(Agnóstico, quase ateu, mas capaz de me relacionar com muita gente de formação católica, consciente do papel que a Igreja ainda desempenha na sociedade portuguesa e por respeito a quem nela milita em coerência com os seus valores, é com profunda tristeza e alguma revolta que vejo a Igreja portuguesa, tal qual barata tonta, incapaz de assumir um rumo neste tempo de encruzilhada. A impressão que fica é a da total incapacidade de lidar e gerir os resultados a que a Comissão pela Igreja nomeada para avaliar a extensão dos abusos de menores.

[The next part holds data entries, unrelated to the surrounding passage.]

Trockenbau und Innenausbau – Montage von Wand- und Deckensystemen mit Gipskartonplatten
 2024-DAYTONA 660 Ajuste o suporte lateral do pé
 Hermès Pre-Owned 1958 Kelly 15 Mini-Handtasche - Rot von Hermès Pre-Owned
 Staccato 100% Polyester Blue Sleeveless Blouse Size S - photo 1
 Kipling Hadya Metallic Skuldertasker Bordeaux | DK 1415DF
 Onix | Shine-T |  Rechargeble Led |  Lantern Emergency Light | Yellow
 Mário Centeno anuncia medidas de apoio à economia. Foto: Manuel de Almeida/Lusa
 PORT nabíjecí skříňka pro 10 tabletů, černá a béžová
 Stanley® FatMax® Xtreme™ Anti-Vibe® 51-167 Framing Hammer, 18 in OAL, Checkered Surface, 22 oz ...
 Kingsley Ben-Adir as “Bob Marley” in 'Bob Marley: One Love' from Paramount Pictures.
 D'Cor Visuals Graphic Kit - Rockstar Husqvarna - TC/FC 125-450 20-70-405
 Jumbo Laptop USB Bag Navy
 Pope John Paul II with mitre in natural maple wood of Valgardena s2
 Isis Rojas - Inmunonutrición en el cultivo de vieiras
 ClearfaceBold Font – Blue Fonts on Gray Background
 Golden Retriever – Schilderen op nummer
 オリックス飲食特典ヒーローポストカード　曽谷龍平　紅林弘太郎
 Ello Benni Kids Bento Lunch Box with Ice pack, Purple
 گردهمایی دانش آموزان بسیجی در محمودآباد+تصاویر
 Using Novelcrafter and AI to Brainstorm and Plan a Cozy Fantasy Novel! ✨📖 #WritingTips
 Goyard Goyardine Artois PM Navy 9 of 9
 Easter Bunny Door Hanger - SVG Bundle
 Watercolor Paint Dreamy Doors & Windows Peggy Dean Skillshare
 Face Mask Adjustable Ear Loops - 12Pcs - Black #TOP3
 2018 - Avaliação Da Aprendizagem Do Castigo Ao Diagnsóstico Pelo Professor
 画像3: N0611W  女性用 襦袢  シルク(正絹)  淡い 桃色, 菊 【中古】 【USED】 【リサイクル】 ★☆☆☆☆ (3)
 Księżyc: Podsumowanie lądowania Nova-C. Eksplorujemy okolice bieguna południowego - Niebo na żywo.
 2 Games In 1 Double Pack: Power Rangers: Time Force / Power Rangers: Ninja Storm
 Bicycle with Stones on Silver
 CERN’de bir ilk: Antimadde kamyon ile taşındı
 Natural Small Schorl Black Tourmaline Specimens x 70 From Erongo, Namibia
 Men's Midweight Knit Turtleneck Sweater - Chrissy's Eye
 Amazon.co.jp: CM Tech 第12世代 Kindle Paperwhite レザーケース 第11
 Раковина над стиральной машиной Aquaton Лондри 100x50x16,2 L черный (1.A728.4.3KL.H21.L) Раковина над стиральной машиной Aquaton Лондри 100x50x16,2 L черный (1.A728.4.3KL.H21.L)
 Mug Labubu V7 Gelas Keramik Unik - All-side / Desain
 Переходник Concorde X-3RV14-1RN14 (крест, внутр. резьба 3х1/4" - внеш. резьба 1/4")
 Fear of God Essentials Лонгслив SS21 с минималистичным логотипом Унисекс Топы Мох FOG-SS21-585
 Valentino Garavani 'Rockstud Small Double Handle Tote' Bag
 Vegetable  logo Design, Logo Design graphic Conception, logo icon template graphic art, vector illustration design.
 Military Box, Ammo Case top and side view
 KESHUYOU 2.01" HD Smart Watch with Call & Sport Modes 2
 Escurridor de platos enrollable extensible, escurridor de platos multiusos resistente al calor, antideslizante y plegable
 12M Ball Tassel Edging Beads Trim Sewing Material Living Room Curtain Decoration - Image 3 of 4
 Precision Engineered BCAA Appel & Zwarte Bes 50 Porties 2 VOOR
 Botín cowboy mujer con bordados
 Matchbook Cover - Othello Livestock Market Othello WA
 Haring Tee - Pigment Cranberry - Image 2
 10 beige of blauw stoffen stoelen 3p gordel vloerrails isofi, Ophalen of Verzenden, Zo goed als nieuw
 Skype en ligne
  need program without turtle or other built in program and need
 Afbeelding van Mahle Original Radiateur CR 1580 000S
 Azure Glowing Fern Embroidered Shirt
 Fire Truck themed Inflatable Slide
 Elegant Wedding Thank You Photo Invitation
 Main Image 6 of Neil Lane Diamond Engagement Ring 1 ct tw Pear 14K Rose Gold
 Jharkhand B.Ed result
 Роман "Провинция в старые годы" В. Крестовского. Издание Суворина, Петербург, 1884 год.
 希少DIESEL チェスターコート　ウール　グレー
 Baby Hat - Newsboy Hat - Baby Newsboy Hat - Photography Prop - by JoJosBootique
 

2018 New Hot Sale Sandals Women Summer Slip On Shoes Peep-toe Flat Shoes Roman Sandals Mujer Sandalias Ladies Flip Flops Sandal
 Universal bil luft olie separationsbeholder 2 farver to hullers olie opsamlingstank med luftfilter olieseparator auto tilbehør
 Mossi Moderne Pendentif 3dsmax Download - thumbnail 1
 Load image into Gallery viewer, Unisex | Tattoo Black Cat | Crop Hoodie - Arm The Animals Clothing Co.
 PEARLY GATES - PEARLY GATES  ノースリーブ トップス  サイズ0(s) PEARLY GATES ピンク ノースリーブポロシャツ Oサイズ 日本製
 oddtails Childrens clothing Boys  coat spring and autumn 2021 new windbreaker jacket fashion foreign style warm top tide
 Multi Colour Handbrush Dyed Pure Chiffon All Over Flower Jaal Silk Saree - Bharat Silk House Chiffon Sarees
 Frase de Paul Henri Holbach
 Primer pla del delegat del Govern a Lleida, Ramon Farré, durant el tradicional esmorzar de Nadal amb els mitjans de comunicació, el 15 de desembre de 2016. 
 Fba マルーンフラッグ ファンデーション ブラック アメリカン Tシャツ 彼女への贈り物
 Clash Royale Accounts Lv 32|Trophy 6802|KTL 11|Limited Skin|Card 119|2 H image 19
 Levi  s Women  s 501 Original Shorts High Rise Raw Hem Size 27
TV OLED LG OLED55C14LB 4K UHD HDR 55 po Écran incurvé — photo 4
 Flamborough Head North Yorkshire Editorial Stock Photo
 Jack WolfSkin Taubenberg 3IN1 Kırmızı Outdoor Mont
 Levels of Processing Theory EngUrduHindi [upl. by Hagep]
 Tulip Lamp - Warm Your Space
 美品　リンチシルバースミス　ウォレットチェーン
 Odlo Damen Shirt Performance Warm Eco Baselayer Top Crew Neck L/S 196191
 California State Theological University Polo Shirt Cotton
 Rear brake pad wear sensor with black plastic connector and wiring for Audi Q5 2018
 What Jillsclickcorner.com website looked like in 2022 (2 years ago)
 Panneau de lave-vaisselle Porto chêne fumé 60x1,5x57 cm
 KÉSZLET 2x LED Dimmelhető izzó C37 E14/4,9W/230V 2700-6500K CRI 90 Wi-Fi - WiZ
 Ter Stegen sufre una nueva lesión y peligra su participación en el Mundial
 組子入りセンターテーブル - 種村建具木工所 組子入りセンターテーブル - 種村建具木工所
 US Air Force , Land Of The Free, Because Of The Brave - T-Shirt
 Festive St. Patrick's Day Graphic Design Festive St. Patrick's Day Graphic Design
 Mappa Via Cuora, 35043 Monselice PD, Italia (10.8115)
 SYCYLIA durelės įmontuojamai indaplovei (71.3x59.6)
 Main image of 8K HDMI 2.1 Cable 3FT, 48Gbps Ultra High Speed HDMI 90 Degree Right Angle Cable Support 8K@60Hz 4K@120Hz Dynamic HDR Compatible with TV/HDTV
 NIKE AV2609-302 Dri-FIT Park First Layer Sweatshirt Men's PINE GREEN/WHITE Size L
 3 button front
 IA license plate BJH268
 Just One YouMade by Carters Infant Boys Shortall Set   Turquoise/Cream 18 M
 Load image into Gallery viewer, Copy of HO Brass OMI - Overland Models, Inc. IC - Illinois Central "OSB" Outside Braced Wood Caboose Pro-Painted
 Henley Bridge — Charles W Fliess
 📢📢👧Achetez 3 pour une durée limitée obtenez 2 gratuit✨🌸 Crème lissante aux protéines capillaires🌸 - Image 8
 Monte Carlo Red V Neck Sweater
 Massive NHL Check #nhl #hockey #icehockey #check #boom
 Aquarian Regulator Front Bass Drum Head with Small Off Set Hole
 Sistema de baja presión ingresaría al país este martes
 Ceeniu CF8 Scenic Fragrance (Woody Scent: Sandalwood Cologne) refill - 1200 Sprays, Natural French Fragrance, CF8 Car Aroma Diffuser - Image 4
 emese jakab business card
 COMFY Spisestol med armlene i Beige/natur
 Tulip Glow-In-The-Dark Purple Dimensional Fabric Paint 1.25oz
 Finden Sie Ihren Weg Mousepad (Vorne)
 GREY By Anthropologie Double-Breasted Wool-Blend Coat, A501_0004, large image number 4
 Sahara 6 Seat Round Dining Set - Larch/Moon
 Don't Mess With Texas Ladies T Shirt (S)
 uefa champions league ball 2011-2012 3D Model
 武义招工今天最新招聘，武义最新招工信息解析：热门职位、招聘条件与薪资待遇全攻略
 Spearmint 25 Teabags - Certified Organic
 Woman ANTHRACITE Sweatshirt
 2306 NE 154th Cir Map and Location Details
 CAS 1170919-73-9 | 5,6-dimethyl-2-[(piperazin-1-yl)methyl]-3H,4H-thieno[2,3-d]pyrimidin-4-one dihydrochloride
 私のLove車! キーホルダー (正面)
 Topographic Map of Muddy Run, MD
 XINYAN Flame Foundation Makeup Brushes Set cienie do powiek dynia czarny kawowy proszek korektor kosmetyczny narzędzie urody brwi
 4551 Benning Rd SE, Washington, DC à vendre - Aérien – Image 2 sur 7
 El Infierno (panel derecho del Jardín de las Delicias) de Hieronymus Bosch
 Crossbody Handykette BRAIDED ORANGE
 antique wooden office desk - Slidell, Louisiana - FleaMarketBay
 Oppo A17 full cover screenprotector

Não apenas incapacidade comunicacional, mas incapacidade substancial de superar as inúmeras contradições e sobretudo o conservadorismo retrógrado que anima uma grande maioria dos elementos da Conferência Episcopal Portuguesa, afinal os Bispos que pontificam na hierarquia católica.
A conferência de imprensa do Bispo D. José Ornelas desta semana é, em si e para memória futura, um poderoso documento, protagonizado embora por um dos membros mais salientes da referida Conferência e muito provavelmente do melhor que por lá se senta regularmente, que fica para a história da total ausência de rumo e de convicções num momento tão desafiante para a Igreja portuguesa.
A tibieza de algumas afirmações, as incoerências, também de facto a ausência total de capacidade comunicacional para os tempos de hoje trouxeram-nos uma perspetiva indireta da resistência à renovação, da preferência pelo oculto controlado relativamente à força da evidência e da profunda incomodidade com a responsabilização por processos que reina no bispado nacional.
Tenho para mim, e essa é em meu entender a razão mais profunda para esta completa desorientação face aos factos, a igreja portuguesa cristalizou num ambiente de impunidade, de secretismo protetor da instituição, de hipocrisia acumulada ao longo de muitos anos e, por isso, mostra-se incapaz de se adaptar aos tempos que vivemos e com eles comunicar e dialogar de boa-fé, expondo-se à crítica fundamentada e responsável.
Ao contrário de muitas leituras que sempre viram na Igreja uma organização capaz de pensar para lá da espuma dos dias e da evidência superficial, o que parece evidente é essa perspetiva de ausência total de rumo, de incapacidade de agarrar as coisas pelos nomes e fazer desta encruzilhada uma oportunidade de reganhar a confiança de uma população mais atenta, qualificada e aberta ela própria aos tempos de hoje.
Com esta cultura de desresponsabilização e inação, a Igreja portuguesa tem por estes dias feito mais pelo anticlericalismo do que os seus mais violentos detratores puderam alguma vez fazer por via da comunicação panfletária, da crítica social virulenta ou da literatura mais incisiva.